RECORDS TO PROCESS:
++++++++++++++++++++
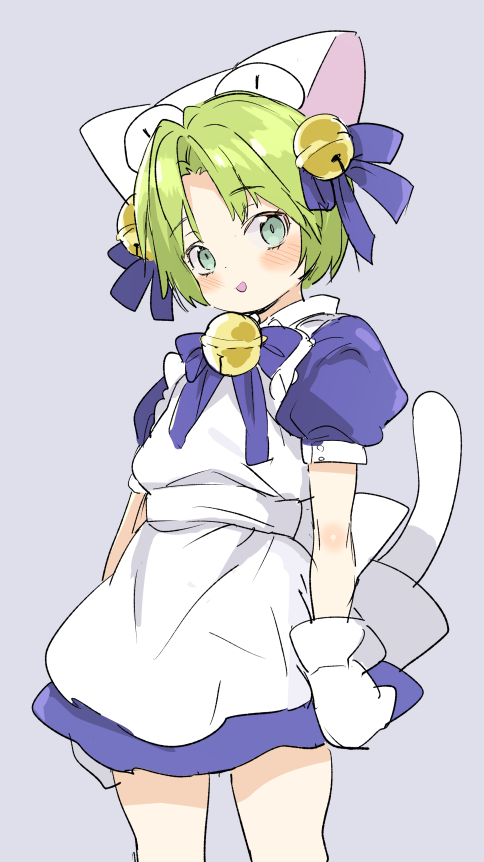 1girl :d animal_ears apron atage bell blush bow bowtie cat_ears cat_tail cowboy_shot dejiko di_gi_charat dress gloves green_eyes green_hair grey_background hair_bell hair_ornament jingle_bell looking_at_viewer neck_bell open_mouth puffy_short_sleeves puffy_sleeves purple_bow purple_dress purple_neckwear short_hair short_sleeves simple_background smile solo standing tail white_apron white_gloves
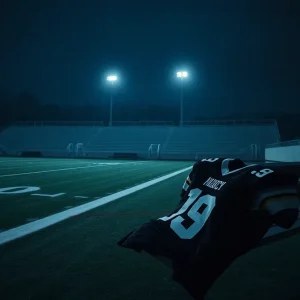 Empty football field with a jersey symbolizing loss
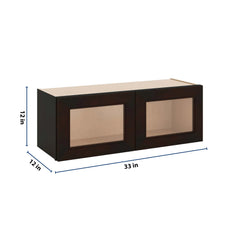 J&K Espresso K8 Wall Glass Cabinet - 33" W x 12" H (No Glass Insert)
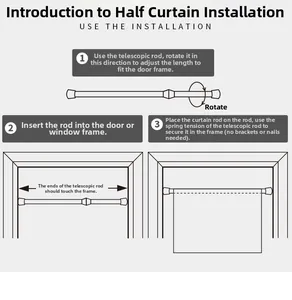 Detail of tool-free curtain rod installation using internal spring tension and rotation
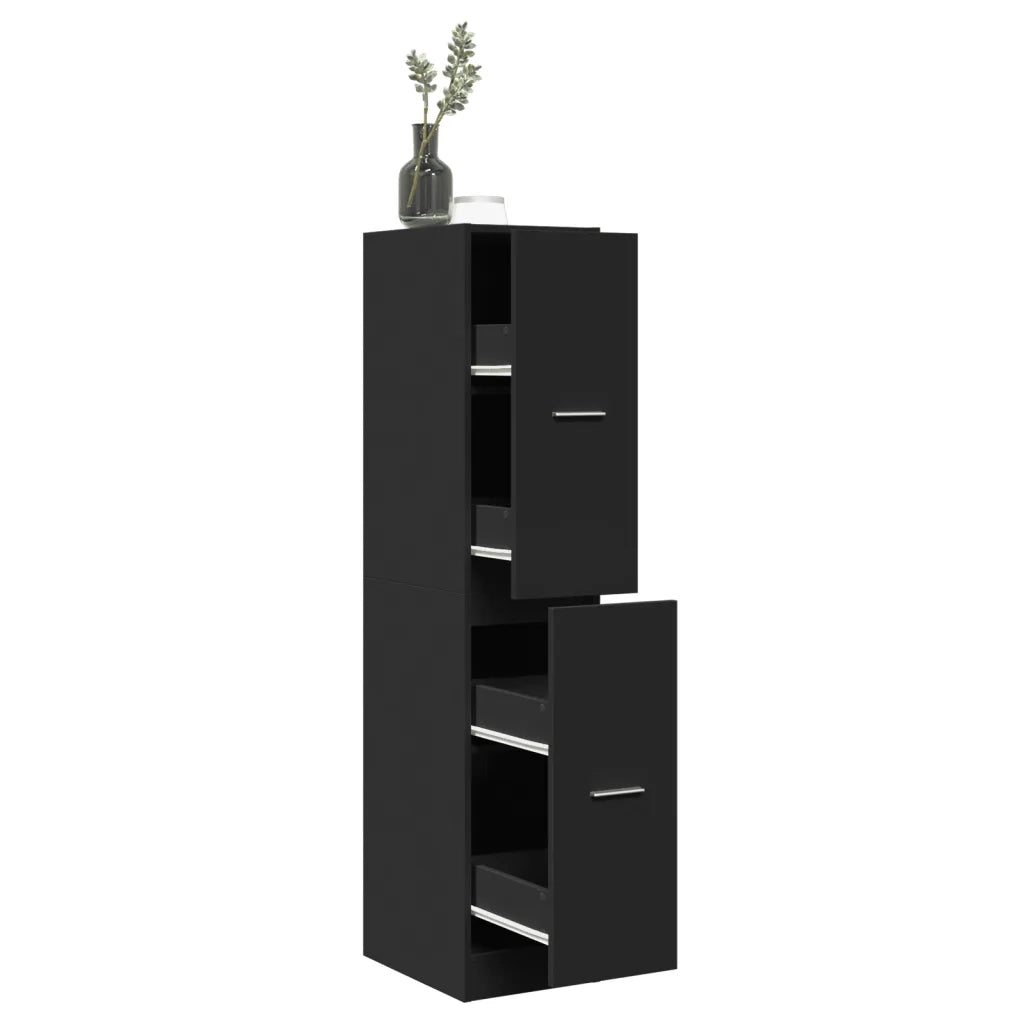 vidaXL Armadietto da Farmacia Nero 30x41x144,5 cm in Truciolato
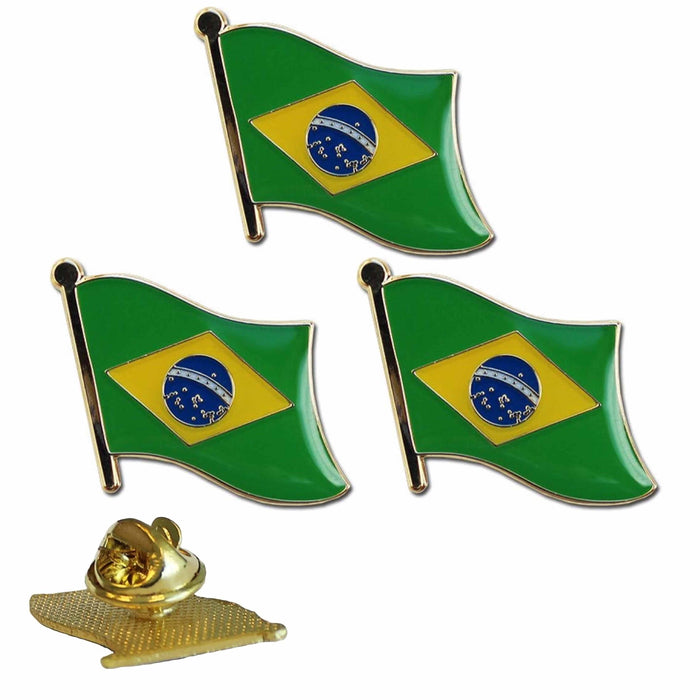 3 Pc Brazil Flag Lapel Pin World Cup Enamel Souvenir Hat Men Women Patriotic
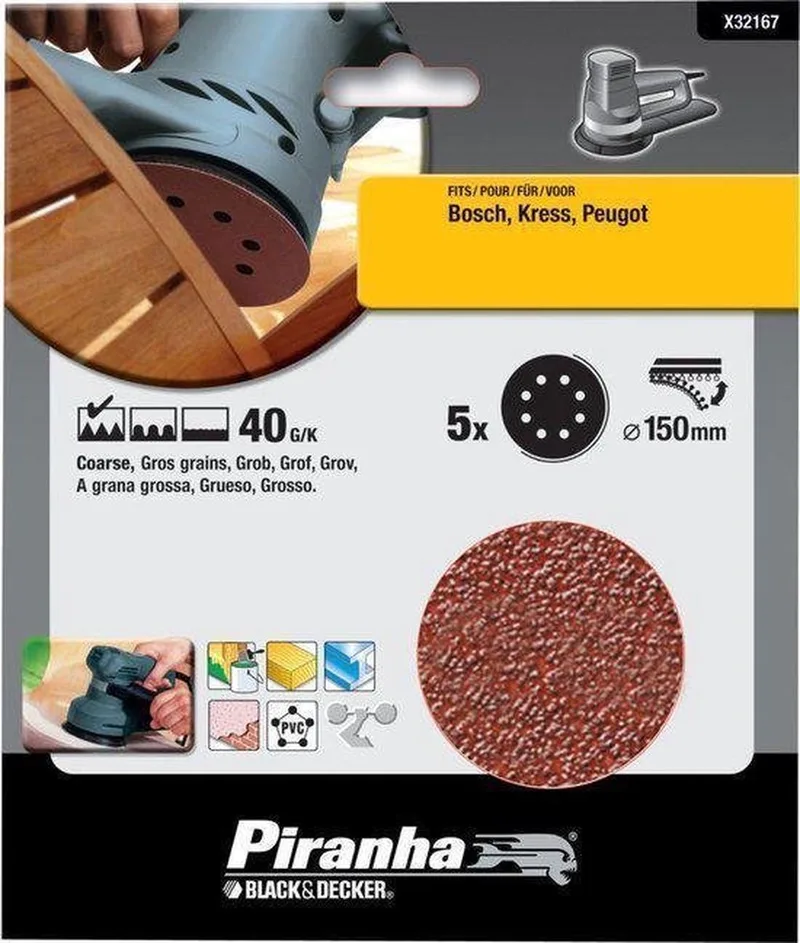 Schuurschijf excentrische schuurmachine 115mm, 40K 5 stuks X32167 von Piranha – Produktbild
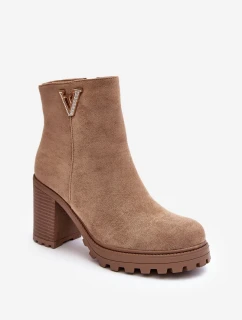 Damskie Zamszowe Botki Na Słupku Z Ozdobą Beżowe Strong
++++++++++++++++++++
TASK: Which lines run from the one containing "Schuurschijf excentrische schuurmachine" to the end of the entries above? Write them out exactly, leaving out every picture.

EXERCISE OUTPUT:
 Schuurschijf excentrische schuurmachine 115mm, 40K 5 stuks X32167 von Piranha – Produktbild
 Damskie Zamszowe Botki Na Słupku Z Ozdobą Beżowe Strong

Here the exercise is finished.